I believe in nonviolence. Don't get me wrong. I believe in it as a strategic matter, and more importantly I believe in it because my Christian faith compels me to. Keep that in mind, because the rest of this post is a contemplation of the limitations of nonviolence.
I've written about this before, but it's been made more abundantly clear in recent months. The dilemma nonviolent protestors face is that it takes probably at least 1000 times as many people to produce the same political response and national sense of urgency that a few people acting violently can achieve. How many people actually engaged in violence in the small riots in Ferguson? Dozens? Maybe hundreds if we're being generous. Yet their actions provoked a widespread response and nationwide attention.
Yesterday, tens of thousands of protestors all over the country marched peacefully, demanding change. We barely made it on the news. We outnumber those engaging in violence by 10,000 to 1, but our impact may be less.
The civil rights movement got around this problem largely because of the stupidity of its opponents in places like Birmingham and Selma. Americans who had little sympathy for Black rights still didn't want to see people being beaten on TV. The nonviolent actions were extremely effective because authorities responded with violence, making them newsworthy. The prospect of disorder on the streets was, I believe, the decisive factor causing the political system to pass the Civil Rights Act of 1964. My apologies to your favorite morality tales. Certainly, the 1968 Fair Housing Act cannot plausibly be explained apart from the violence that ensued after Dr. King's murder.
When the civil rights movement came up against more canny opponents in places like Albany, Georgia, or Chicago, it was much less successful.Without the dramatization of injustice as expressed through the ritual of state-sanctioned violence, it turned out Americans didn't really care about injustice. In the present day, with the notable exception of Ferguson's absurd militarized police provocation even while Brown's body lay on the street, nearly every place in the country these protests occur is more akin to Albany and Chicago than Birmingham and Selma. We're dealing with savvy governments that have an institutional memory of how the civil rights movement was defeated.
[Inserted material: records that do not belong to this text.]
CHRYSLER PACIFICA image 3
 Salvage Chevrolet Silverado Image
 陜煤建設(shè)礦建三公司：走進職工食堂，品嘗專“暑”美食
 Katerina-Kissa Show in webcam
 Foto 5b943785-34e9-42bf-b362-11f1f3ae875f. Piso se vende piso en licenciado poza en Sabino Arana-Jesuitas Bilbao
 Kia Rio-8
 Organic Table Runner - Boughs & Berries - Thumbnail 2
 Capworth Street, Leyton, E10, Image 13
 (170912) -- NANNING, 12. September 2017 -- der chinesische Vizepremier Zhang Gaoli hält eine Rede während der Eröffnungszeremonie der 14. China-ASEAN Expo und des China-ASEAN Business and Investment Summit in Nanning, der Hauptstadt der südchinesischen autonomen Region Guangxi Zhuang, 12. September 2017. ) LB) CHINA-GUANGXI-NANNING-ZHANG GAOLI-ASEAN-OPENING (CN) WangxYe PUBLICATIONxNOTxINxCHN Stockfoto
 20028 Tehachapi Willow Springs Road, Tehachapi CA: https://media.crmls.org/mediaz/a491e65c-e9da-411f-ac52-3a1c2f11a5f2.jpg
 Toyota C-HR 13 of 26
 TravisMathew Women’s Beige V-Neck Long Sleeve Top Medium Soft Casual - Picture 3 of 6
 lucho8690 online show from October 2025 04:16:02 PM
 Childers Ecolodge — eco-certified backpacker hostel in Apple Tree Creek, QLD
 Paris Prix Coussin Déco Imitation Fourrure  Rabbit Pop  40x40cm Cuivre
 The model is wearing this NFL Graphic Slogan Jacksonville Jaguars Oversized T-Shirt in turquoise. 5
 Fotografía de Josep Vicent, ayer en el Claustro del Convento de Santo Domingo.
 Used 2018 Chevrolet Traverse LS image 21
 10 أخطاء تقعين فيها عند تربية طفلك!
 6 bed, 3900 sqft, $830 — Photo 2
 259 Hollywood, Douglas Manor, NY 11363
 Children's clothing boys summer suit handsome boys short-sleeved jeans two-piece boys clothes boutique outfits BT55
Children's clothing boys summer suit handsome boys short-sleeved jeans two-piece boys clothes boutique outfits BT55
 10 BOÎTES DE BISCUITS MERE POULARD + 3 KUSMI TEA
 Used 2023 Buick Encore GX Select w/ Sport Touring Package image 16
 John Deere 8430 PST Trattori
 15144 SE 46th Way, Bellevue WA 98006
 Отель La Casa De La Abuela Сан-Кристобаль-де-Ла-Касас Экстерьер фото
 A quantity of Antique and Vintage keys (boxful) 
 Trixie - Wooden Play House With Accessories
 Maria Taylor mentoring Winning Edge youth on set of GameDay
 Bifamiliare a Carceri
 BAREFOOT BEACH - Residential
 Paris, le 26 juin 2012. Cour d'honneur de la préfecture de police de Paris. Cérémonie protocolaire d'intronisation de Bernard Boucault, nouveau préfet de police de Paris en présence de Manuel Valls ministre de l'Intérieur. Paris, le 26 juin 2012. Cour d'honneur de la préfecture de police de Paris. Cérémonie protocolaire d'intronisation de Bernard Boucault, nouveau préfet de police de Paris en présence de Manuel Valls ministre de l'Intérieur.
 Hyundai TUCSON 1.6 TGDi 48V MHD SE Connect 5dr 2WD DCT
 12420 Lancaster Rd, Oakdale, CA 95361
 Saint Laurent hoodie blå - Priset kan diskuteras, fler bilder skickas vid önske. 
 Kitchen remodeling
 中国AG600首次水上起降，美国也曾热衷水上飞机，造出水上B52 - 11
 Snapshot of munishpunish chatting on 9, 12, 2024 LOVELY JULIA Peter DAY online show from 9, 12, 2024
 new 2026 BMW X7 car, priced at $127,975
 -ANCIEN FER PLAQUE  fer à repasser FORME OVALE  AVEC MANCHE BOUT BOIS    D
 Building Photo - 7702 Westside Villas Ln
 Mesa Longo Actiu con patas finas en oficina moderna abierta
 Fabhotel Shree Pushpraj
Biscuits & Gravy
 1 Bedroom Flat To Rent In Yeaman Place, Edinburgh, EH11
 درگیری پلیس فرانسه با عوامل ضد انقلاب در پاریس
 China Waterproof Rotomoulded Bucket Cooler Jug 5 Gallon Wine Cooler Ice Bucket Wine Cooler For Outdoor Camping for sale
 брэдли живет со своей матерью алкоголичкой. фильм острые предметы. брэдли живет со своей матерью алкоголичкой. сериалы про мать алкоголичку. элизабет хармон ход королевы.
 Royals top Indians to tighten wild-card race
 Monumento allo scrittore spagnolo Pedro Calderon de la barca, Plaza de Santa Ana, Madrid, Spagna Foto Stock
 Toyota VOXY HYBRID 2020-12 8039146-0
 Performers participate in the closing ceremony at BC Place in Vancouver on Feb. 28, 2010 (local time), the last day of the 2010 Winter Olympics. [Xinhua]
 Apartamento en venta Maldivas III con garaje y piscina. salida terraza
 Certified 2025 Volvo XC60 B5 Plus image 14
They are determined not to provide the dramatization we seek.
So what's the way forward? I don't claim to know. The easy theoretical answer is that we simply need to make these protests bigger. If we could mobilize as many Americans for a worthwhile cause as routinely gather at stadiums in cities and college towns all over the country to watch football every weekend, we could shut whole cities down. Once normal commerce and transportation is disrupted in a severe way, the political system will respond quite rapidly.
I frankly think this is a pipe dream. I just don't believe we have that many people. We have to find other ways to make the political system responsive. We have to work from the grassroots level. Partisan political mobilization will accomplish little. Nearly all the authorities involved in recent events, from Governors Nixon and Cuomo in Missouri and New York, to President Obama, are Democrats. So what? All of them are doing the barest possible minimum to support justice. They know that demands for equal treatment for all Americans and honest discourse about how to get there enrages many of their White constituents.
This White rage over the prospect of losing unjust advantages brings us back to the most fundamental limitation of nonviolence: it plays along with the basic White supremacist double-standards of American history and thought. The average White American today will look at you with a straight face and say that the American Revolution was justified but an armed insurrection by African Americans in the 1960s would not have been. Try to make any moral or historical sense of that position without relying on the logic of White racism. Yet this point is no doubt a new thought to many people. It shows how deeply embedded are our assumptions about the racial boundaries of justifiable violence.
I believe in nonviolence. I think it is strategically wise. I think it is morally necessary. But I'm not blind to its limitations.